Design a class to find the kth largest element in a stream. Note that it is the kth largest element in the sorted order, not the kth distinct element.

Your KthLargest class will have a constructor that accepts an integer k and an integer array nums, which contains initial numbers from the stream. The class should also have a method add, which accepts a new number and updates the kth largest element in the stream.

Example 1:

Input
["KthLargest", "add", "add", "add", "add", "add"]
[[3, [4, 5, 8, 2]], [3], [5], [10], [9], [4]]
Output
[null, 4, 5, 5, 8, 8]

Explanation
KthLargest kthLargest = new KthLargest(3, [4, 5, 8, 2]);
kthLargest.add(3);   // returns 4
kthLargest.add(5);   // returns 5
kthLargest.add(10);  // returns 5
kthLargest.add(9);   // returns 8
kthLargest.add(4);   // returns 8

Example 2:

Input
["KthLargest", "add", "add"]
[[2, [0]], [-1], [1]]
Output
[null, 0, 1]

Explanation
KthLargest kthLargest = new KthLargest(2, [0]);
kthLargest.add(-1); // returns 0
kthLargest.add(1);  // returns 1

Steps:

1. Initialization: Use a min-heap (PriorityQueue in Java) of size k to store the k largest elements seen so far.

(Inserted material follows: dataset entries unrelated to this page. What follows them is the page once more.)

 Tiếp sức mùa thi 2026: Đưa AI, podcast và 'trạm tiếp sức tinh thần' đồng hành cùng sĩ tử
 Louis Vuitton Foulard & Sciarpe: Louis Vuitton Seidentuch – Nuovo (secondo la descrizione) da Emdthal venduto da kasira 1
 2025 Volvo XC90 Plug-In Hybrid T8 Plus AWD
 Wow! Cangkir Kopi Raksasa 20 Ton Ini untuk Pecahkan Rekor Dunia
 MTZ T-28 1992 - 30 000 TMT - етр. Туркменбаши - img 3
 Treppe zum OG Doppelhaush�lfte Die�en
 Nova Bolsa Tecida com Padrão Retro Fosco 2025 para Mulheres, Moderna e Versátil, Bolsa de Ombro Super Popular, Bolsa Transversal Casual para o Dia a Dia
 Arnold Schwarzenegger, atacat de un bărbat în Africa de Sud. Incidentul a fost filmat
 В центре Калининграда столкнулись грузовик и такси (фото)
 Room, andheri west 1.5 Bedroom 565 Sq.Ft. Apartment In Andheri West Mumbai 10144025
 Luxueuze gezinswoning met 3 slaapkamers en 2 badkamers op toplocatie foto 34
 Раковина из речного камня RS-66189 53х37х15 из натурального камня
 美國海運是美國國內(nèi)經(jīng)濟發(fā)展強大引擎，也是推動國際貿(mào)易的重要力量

During initialization, add the elements from the input nums array to the heap.

2. Adding a new element:

   • If the heap size is less than k, simply add the new element to the heap.
   • If the heap size is equal to k and the new element is greater than the smallest element in the heap (the root), remove the smallest element and add the new element.
   • Return the smallest element in the heap (which is the kth largest).

Explanation:

A min-heap is used because we want to efficiently track the smallest among the k largest elements. By keeping a heap of size k, the smallest element in the heap will always represent the kth largest element encountered so far. If a new element is larger than the current kth largest (smallest in the heap), it replaces it, maintaining the invariant.

Code (Java):

import java.util.PriorityQueue;

class KthLargest {
    private PriorityQueue<Integer> minHeap;
    private int k;

    public KthLargest(int k, int[] nums) {
        this.k = k;
        minHeap = new PriorityQueue<>(); // Min-heap by default

        for (int num : nums) {
            add(num);
        }
    }

    public int add(int val) {
        if (minHeap.size() < k) {
            minHeap.offer(val);
        } else if (val > minHeap.peek()) {
            minHeap.poll();
            minHeap.offer(val);
        }
        return minHeap.peek();
    }
}

Complexity:

• Time complexity:

  • Constructor: O(N log k), where N is the length of nums. Adding N elements to a heap of size k takes at most O(N log k) time.
  • add method: O(log k) on average. Adding or removing an element from a heap of size k takes O(log k) time.

• Space complexity: O(k) to store the min-heap.